EPFL hosts first Swiss edition of youth cryptography competition
On May 28, the EPFL School of Computer and Communication Sciences (IC) and Science Outreach Department (SPS) organized the final of the first Swiss edition of the Alkindi Competition, where more than 40 secondary school students from across the country put their code-cracking skills to the test.
The Alkindi competition, which originated in France, is named after the ninth-century philosopher Al-Kindi, who is today considered to be one of the founders of cryptography – the study of codes.
“The goal of the event is to introduce secondary school students to cryptography through fun games,” said IC scientist and event co-organizer Lê Nguyen Hoang.
“Once an interest in mathematics and computer science is born, hopefully, the students will want to go further, and choose these fields for their future studies,” said SPS Director Farnaz Moser. “We’re pleased to add Alkindi to EPFL programs designed to introduce youth to topics in science and technology”.
Both Moser and Deirdre Rochat, IC Head of Communications, agreed that the first Swiss Alkindi edition was a success.
“The response has been very positive from the schools and students, who are already looking forward to the next edition,” said Rochat. “We hope to continue and grow this outreach initiative next year in Switzerland, while promoting cryptography, mathematics and computer science.”
Cracking codes against the clock
The EPFL event was the culmination of three preliminary problem-solving challenges, which students completed online. Nearly one thousand students in the 10th and 11th grades took part in the first challenge, with just 41 remaining for the final test.
Each team of two to four students – who were not required to have any prior knowledge of cryptography – worked against the clock to decode six alphabetic and numeric messages, using only pencil and paper, within two hours.

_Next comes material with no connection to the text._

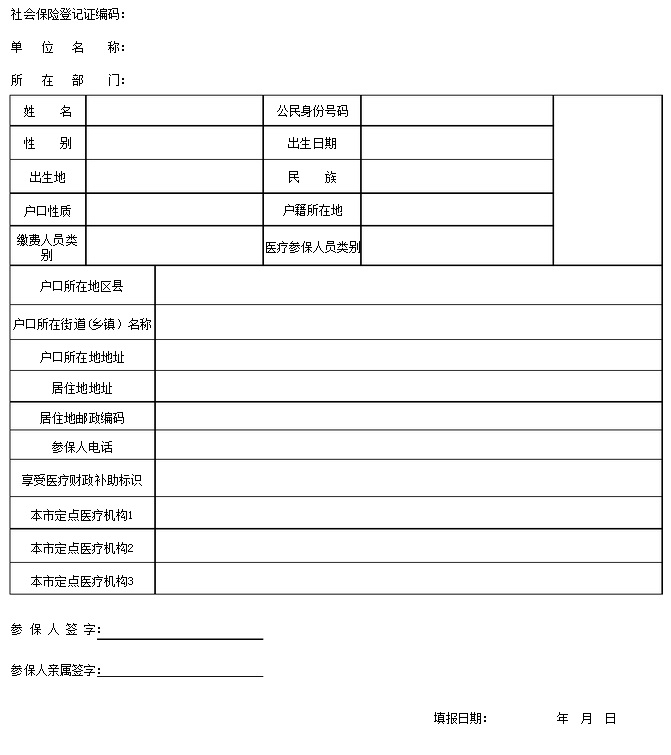 医疗保险个人信息登记表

For all the challenges, the students were encouraged to work together to solve problems, and to think about those problems differently than they might in their classrooms.

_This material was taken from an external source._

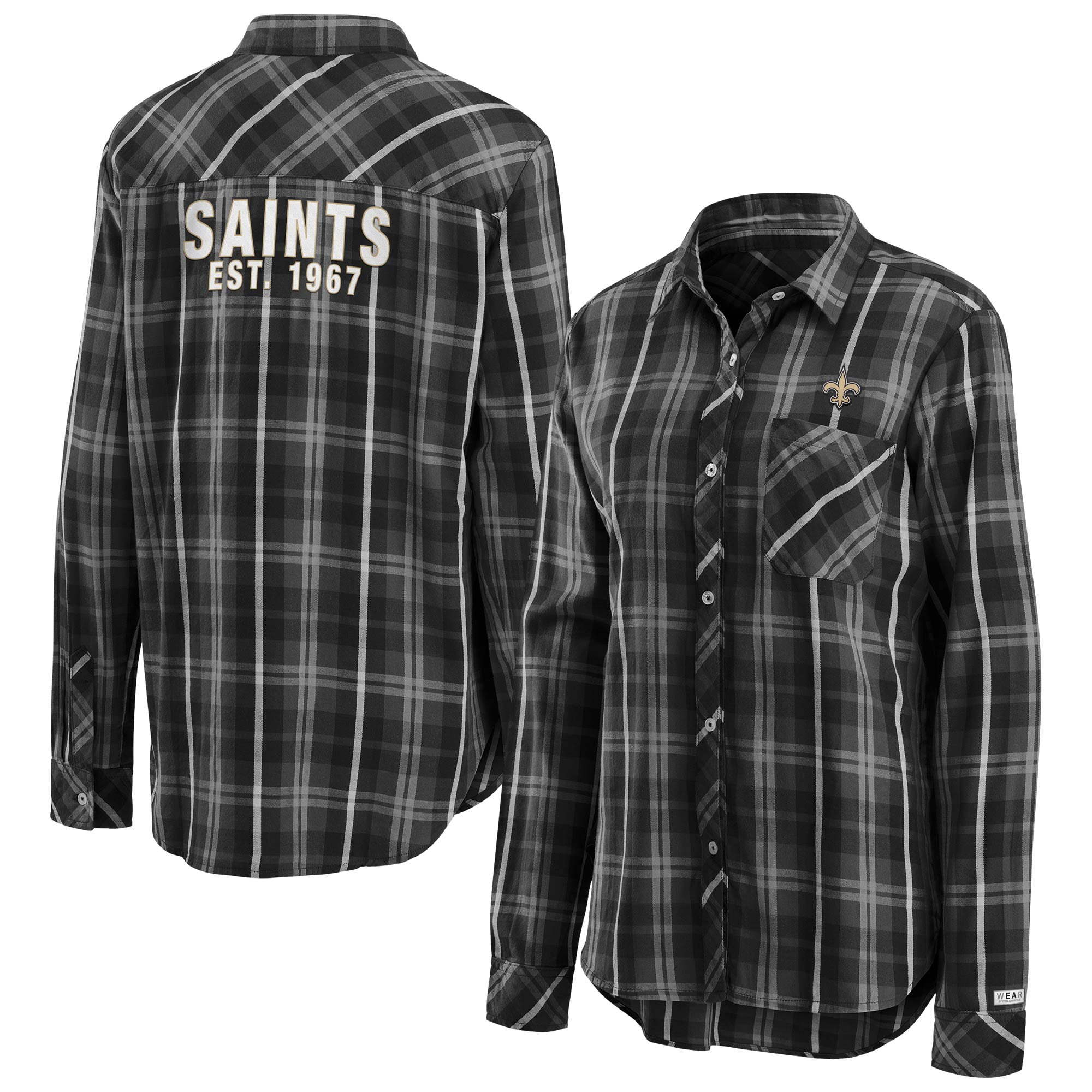 new orleans saints button down shirt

“It was hard! But it was interesting, and very fun to do, even if stressful!” said Maria Dumitru, 14, from the Terreaux school in Neuchâtel after the test was finished.
Alexandra Soldevilla, Maria’s mathematics teacher, said that while most of her students like mathematics and are curious, cryptography is a new challenge for them.
“I have found this to be a very good experience for all my students, particularly those who lack confidence in themselves and think they are less gifted in math. I generally do a lot of math competitions with my students, because it changes the classroom routine a bit. But I thought this one was great because it is very different from other competitions. It’s the students’ first time discovering cryptography, but maybe this will spark an interest for the future,” said Soldevilla. She added that she was “very, very proud” of her 16-student delegation, which included 11 girls.
“On the shoulders of giants"
While the exercises help students connect mathematics to computer science via computational thinking, the Alkindi competition also introduces youth to one of the most important applications of mathematics today: digital security.
In a presentation following the test, IC Professor Rachid Guerraoui, head of the Distributed Computing Laboratory (DCL), emphasized the importance of algorithms in modern computing by bringing his young audience on a journey through history, introducing them to the “giants” of computer science. Through the works of eighth-century mathematician Al-Khwarizmi, whose name forms the root of the word “algorithm”, to the first computer programmer Ada Lovelace and cryptanalytic pioneer Alan Turing, Guerraoui emphasized both the great potential and the risks of algorithms.
“Algorithms are doing incredible things but they have some weaknesses. To understand these weaknesses, we must study computer systems. It's a fascinating and very important field,” Guerraoui concluded.